Built-in ice makers add $200 to $500 to the refrigerator purchase price, take 0.5 to 1 cu. ft. of freezer space, and are the most failure-prone component in modern refrigerators. For households that use ice daily, the convenience is worth it. For light ice users, the trade-offs are heavy enough that skipping the ice maker is the better call.
This guide walks who actually benefits from the built-in ice maker, the models that skip it (for households who want to skip the premium), and the alternatives that work for occasional ice use.
The full cost of an ice maker
Three real costs beyond the purchase premium.
Purchase premium. $100 to $300 for an ice maker alone; $200 to $500 if bundled with a water dispenser. Mid-range mainstream models.
Freezer space. Built-in ice makers in the freezer compartment take 0.5 to 1 cu. ft. of freezer storage. For a 6 cu. ft. freezer, that's 8 to 17 percent of capacity gone.
Repair risk.
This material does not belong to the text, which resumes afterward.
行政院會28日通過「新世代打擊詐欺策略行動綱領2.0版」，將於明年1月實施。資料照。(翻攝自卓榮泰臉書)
Ice maker components (solenoid valve, motor, harvest arm) account for 20 to 25 percent of refrigerator service calls. Out-of-warranty repairs typically run $150 to $300.
Over 10 years, the full cost of an ice maker can reach $700 to $1,500 when service calls are included. That's a meaningful share of the appliance's total cost.
When the ice maker is worth it
Three buyer scenarios.
Households who use ice daily. Iced beverages, cocktails, water with ice. The convenience compounds over years of daily use.
Households that host frequently. Always-available ice for guests is genuinely useful. Manual ice trays don't scale to 6+ guests.
Households in hot climates. Daily summer use, frequent iced drinks, cooler-filling for outdoor events. The ice maker pays back in raw volume of ice used.
For these households, the ice maker is one of the easier feature upgrades to justify.
When the ice maker isn't worth it
Three scenarios where skipping makes sense.
You barely use ice. If you reach for ice once or twice a week, the built-in ice maker is wasted capacity. Ice trays cost $5 and work fine for low-volume users.
You drink mostly cold-water from the fridge. The water dispenser is the more useful feature; ice is incidental. Some catalog models include water-dispenser without ice maker.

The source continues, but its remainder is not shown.